Buhlmann’s Corner
Movement in Corporate Governance
Scarcely has the German year begun when it gets stuck in the snow. At least in Corporate Governance there is some movement. Here a pleasant novelty comes along from Infineon. Wasn’t the board, headed by Peter Bauer, saying only two weeks ago that he found the kind of candidate chosen by the old Supervisory Board for the post of new Supervisory Board chairman better than the shareholders’ proposal? Now he’s got it: it is not he (the board) who decides the Supervisory Board, but we (the shareholders). The year’s off to a good start after all.
Then the old – new – candidate is sent on an introductory trip round shareholders – that’s pretty definitely progress too. The countermotion was logical and necessary. How does an old Supervisory Board have to be structured in order to think that by its own decisions it can perpetuate cooptation, when since its existence on the exchange it has never produced dividends, and last year was given only a 50.0 percent discharge? From the viewpoint of self-glorification, their only success is not to have actually gone bankrupt.
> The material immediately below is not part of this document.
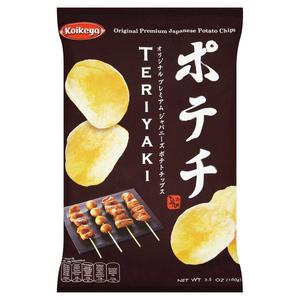 Koikeyas Koikeya Original Premium Japanese Potato Chips Teriyaki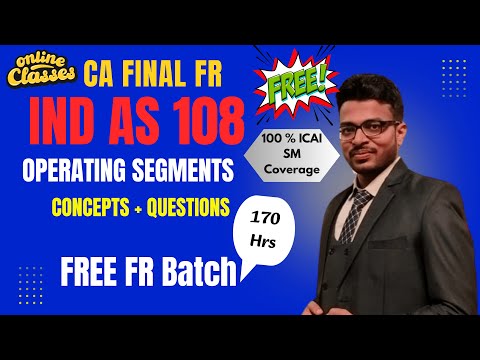 Ind AS 108 | CA Final FR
However the general meeting may have voted, one thing is evident: following Lufthansa (Bsirske), ThyssenKrupp (secondment right) and Infineon (Supervisory Board chair), the shareholders are winning. They are no longer just murmuring, but having a say. Those who do not listen, they need to feel that. The important thing is that a clear outcome, not some marginal bluff, should give back clarity to firms – but that clarity has to come from the shareholders.